Released in two-in-one omnibus editions, Inio Asano’s Goodnight Punpun is a manga that’s hard to pigeonhole, if you’ll excuse the pun. Sure, it’s a slice-of-life drama tinged with increasingly black comedy… but not that many slice-of-life stories show their protagonist and his family as birds.
Punpun Punyama is an elementary school student, depicted as a very simple, childlike drawing of a bird. While he doesn’t speak, the book narrates his thoughts for the reader to understand. Punpun lives a seemingly normal life, getting into the usual sort of trouble with his classmates (don’t search for porn, kids!) and falling for pretty new transfer student Aiko Tanaka.
At home, however, things are very different. His dad abuses his alcoholic mother, putting her in the hospital. Eventually they divorce, with Punpun being raised by his mum and his unemployed Uncle Yuichi.
Inio Asano laces the edgy subject matter of the first few volumes of Goodnight Punpun with quirky humour, child-like innocence and a sense of the surreal… but that’s just to sucker us in for even more soul-crushing things to come.

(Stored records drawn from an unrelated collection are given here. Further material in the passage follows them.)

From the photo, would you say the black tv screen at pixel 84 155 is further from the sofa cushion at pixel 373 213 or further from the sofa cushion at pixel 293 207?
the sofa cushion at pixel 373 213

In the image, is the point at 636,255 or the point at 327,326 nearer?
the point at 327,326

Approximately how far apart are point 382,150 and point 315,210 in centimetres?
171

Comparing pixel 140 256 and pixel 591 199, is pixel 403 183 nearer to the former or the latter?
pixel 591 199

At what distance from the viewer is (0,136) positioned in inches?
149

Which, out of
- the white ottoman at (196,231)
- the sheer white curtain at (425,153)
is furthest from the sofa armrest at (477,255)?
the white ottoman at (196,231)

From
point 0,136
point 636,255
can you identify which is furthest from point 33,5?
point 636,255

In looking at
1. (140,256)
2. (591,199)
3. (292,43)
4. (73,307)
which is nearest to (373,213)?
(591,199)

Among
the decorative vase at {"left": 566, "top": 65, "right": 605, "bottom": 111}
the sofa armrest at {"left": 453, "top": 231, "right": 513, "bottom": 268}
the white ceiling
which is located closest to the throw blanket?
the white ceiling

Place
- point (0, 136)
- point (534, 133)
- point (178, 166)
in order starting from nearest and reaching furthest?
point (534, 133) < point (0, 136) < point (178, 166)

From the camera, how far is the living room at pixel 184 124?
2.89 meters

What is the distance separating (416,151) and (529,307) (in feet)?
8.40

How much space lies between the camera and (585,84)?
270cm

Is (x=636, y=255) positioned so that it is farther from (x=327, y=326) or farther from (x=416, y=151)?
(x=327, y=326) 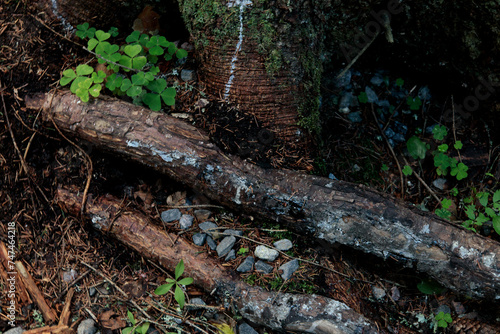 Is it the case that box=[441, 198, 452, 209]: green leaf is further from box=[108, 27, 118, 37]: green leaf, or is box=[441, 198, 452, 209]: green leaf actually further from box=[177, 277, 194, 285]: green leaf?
box=[108, 27, 118, 37]: green leaf

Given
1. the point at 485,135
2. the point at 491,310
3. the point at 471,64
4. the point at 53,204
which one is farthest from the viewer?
the point at 485,135

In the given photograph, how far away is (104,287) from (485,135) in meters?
3.09

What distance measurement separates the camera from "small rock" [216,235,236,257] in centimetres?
236

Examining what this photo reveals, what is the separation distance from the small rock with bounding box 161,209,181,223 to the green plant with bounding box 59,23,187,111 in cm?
72

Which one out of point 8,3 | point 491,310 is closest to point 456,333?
point 491,310

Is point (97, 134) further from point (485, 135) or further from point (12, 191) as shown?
point (485, 135)

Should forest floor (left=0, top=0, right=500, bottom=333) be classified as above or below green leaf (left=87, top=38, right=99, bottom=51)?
below

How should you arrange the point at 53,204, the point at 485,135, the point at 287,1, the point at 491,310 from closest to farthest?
the point at 287,1 < the point at 491,310 < the point at 53,204 < the point at 485,135

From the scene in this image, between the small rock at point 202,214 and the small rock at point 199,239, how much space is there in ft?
0.42

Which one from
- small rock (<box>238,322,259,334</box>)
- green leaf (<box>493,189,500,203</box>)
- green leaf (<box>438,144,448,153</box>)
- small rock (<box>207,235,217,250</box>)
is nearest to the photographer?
small rock (<box>238,322,259,334</box>)

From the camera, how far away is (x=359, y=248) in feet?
7.30

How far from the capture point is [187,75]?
2695 mm

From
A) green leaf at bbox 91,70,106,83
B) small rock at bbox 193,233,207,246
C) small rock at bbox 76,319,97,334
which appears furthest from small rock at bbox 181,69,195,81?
small rock at bbox 76,319,97,334

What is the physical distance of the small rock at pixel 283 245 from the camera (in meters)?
2.34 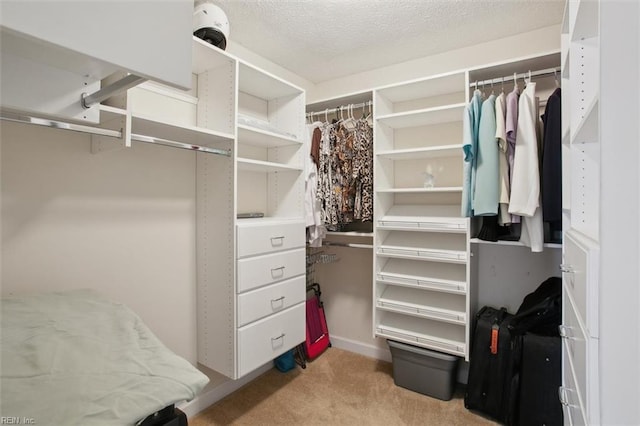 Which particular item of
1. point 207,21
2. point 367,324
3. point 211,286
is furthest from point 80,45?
point 367,324

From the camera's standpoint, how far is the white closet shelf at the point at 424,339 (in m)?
2.03

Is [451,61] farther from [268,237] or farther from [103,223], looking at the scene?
[103,223]

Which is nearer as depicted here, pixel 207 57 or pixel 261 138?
pixel 207 57

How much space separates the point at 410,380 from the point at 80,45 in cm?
250

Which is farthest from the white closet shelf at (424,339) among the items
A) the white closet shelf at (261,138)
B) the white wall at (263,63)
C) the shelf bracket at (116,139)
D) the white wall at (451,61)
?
the white wall at (263,63)

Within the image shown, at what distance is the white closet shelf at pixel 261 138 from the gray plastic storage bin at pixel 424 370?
5.49ft

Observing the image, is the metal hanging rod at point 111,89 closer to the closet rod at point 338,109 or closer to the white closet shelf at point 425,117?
the white closet shelf at point 425,117

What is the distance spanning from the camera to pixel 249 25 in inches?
82.5

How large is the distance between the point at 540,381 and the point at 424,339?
0.65 m

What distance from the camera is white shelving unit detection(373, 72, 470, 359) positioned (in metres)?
2.10

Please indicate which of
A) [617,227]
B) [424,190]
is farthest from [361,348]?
[617,227]

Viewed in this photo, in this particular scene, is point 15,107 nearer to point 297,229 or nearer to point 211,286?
point 211,286

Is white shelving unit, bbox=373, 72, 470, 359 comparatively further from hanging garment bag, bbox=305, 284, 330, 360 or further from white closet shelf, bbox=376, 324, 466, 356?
hanging garment bag, bbox=305, 284, 330, 360

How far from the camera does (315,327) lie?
9.20 ft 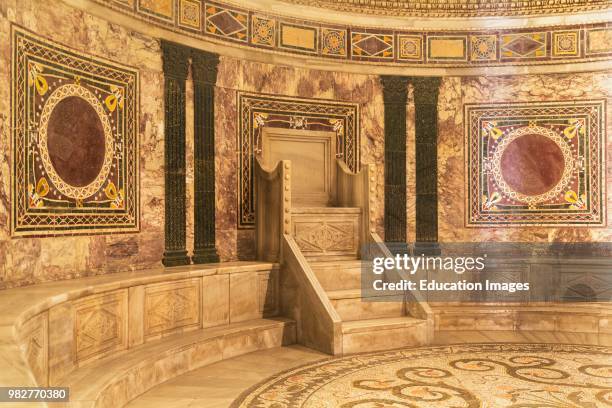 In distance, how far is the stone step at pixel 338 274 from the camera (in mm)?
6113

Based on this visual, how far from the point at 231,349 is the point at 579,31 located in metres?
5.56

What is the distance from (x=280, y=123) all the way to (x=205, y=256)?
1822mm

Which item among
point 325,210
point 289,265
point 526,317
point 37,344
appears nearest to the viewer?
point 37,344

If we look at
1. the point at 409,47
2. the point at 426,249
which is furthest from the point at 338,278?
the point at 409,47

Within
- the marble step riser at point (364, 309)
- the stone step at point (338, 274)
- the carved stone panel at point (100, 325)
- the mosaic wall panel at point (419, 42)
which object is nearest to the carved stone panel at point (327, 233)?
the stone step at point (338, 274)

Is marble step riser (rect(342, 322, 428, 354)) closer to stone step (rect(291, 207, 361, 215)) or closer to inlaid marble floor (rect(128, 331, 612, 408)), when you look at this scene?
inlaid marble floor (rect(128, 331, 612, 408))

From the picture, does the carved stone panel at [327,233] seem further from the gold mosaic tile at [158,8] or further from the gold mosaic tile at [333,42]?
the gold mosaic tile at [158,8]

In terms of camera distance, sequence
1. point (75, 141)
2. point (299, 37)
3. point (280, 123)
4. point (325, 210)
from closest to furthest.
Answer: point (75, 141) < point (325, 210) < point (280, 123) < point (299, 37)

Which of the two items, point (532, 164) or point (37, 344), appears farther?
point (532, 164)

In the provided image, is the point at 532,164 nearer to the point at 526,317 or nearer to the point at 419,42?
the point at 526,317

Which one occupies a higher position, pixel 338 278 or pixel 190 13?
pixel 190 13

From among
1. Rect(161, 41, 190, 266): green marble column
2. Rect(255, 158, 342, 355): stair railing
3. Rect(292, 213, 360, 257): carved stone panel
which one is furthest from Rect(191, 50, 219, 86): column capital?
Rect(292, 213, 360, 257): carved stone panel

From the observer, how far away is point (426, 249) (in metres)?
7.28

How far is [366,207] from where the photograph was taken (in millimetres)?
6582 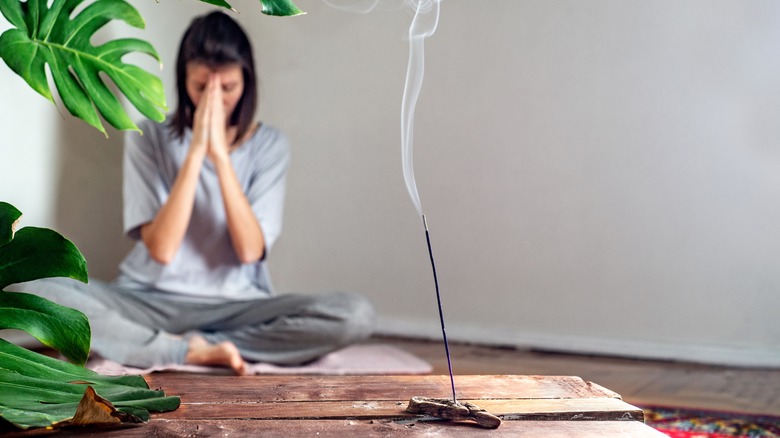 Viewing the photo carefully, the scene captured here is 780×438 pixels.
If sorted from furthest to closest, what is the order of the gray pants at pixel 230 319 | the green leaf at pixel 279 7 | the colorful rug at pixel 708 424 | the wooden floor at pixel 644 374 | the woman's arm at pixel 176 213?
the woman's arm at pixel 176 213 < the gray pants at pixel 230 319 < the wooden floor at pixel 644 374 < the colorful rug at pixel 708 424 < the green leaf at pixel 279 7

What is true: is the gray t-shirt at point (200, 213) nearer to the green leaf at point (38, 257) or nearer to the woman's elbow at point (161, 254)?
the woman's elbow at point (161, 254)

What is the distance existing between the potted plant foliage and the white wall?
4.54 ft

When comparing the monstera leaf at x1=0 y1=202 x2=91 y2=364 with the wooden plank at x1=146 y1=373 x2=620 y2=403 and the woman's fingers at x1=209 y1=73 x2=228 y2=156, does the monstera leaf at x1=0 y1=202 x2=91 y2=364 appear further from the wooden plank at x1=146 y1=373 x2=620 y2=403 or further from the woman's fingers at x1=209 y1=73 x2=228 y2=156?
the woman's fingers at x1=209 y1=73 x2=228 y2=156

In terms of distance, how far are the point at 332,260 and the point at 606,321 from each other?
2.72 feet

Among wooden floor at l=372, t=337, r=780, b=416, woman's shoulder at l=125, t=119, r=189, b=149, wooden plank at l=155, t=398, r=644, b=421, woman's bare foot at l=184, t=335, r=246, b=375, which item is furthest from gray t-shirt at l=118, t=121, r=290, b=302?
wooden plank at l=155, t=398, r=644, b=421

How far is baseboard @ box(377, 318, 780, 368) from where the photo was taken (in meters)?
2.18

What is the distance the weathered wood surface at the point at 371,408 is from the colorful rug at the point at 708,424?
699 millimetres

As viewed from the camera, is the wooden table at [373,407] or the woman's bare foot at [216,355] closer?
the wooden table at [373,407]

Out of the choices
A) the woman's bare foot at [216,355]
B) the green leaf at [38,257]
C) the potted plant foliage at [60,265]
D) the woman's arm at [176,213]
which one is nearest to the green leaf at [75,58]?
the potted plant foliage at [60,265]

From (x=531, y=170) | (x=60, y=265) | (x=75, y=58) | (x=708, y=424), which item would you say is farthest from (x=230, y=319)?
(x=60, y=265)

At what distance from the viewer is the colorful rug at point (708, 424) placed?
58.3 inches

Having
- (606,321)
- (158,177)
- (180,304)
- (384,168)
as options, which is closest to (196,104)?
(158,177)

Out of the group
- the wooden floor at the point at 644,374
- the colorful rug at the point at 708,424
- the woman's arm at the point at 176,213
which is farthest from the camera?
the woman's arm at the point at 176,213

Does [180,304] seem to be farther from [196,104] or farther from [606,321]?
[606,321] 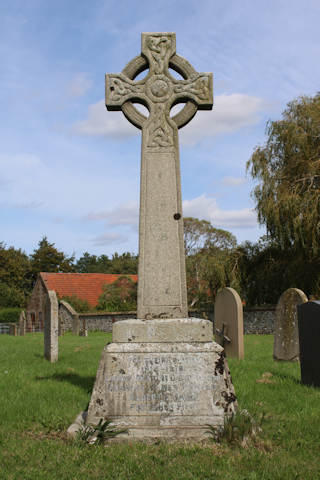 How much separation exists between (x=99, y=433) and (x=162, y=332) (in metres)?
1.08

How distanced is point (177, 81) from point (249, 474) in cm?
406

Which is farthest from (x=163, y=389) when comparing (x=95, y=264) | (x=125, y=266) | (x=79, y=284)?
(x=95, y=264)

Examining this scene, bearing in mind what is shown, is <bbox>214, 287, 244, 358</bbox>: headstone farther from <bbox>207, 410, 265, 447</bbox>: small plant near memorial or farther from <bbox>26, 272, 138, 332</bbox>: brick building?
<bbox>26, 272, 138, 332</bbox>: brick building

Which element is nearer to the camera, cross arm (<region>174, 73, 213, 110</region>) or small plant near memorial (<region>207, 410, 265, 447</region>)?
small plant near memorial (<region>207, 410, 265, 447</region>)

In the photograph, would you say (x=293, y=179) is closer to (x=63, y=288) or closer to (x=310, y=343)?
(x=310, y=343)

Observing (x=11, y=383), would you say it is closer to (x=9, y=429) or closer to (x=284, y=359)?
(x=9, y=429)

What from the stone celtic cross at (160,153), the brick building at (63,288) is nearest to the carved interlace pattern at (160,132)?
the stone celtic cross at (160,153)

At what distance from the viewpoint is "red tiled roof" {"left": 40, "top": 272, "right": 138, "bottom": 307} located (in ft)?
104

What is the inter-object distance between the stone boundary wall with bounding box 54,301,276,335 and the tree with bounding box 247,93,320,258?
11.5 feet

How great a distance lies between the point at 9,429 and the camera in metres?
4.44

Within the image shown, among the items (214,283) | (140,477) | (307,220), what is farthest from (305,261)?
(140,477)

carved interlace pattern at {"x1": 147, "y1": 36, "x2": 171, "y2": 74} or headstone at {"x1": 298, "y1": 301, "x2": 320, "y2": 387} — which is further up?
carved interlace pattern at {"x1": 147, "y1": 36, "x2": 171, "y2": 74}

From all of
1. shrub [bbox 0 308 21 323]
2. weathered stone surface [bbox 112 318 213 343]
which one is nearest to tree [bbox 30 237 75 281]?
shrub [bbox 0 308 21 323]

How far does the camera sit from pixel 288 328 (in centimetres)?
934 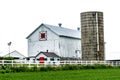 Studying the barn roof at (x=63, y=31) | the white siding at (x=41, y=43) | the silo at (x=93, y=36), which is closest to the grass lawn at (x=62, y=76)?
the silo at (x=93, y=36)

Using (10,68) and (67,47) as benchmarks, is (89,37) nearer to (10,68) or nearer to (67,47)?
(67,47)

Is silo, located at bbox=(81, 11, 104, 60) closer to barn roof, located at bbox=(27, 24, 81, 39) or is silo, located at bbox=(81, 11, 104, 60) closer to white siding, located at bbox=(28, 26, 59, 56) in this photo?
white siding, located at bbox=(28, 26, 59, 56)

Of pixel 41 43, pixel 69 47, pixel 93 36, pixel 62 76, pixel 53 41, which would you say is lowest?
pixel 62 76

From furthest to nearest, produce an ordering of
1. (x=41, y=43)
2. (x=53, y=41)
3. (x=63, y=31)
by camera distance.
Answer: (x=63, y=31) → (x=41, y=43) → (x=53, y=41)

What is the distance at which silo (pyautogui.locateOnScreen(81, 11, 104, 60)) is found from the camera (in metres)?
59.5

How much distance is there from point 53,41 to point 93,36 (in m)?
9.06

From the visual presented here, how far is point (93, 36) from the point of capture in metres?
59.5

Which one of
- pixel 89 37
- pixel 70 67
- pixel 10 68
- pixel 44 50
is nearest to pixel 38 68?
pixel 10 68

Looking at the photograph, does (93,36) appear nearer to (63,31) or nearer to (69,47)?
(69,47)

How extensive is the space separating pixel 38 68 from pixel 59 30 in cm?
3302

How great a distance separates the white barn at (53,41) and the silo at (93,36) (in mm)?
6329

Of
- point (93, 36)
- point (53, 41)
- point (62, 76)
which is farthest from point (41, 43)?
point (62, 76)

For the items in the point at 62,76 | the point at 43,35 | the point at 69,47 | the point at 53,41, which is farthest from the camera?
the point at 69,47

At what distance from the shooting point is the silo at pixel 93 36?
59.5 meters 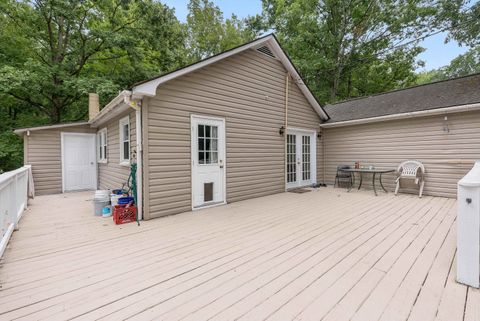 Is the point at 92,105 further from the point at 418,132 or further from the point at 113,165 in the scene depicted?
the point at 418,132

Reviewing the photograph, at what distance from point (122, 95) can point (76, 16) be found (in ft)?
26.3

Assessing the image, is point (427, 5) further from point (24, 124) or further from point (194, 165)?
point (24, 124)

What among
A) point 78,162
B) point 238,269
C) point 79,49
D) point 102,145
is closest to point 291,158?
point 238,269

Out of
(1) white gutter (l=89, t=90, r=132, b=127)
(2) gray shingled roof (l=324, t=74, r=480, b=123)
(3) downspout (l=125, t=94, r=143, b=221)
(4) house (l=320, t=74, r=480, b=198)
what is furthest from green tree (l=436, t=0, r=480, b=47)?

Not the lightest of reads, then, but don’t be put off: Goodnight Punpun combines an engaging coming-of-age story with eye-catching art – from the way the protagonist is depicted to the often grotesque portraits of the adults in his life. However, the most interesting aspect of the manga is Punpun himself. Neither good nor bad, he’s just a kid trying to make sense of the world, with an anonymous appearance that anyone can identify with.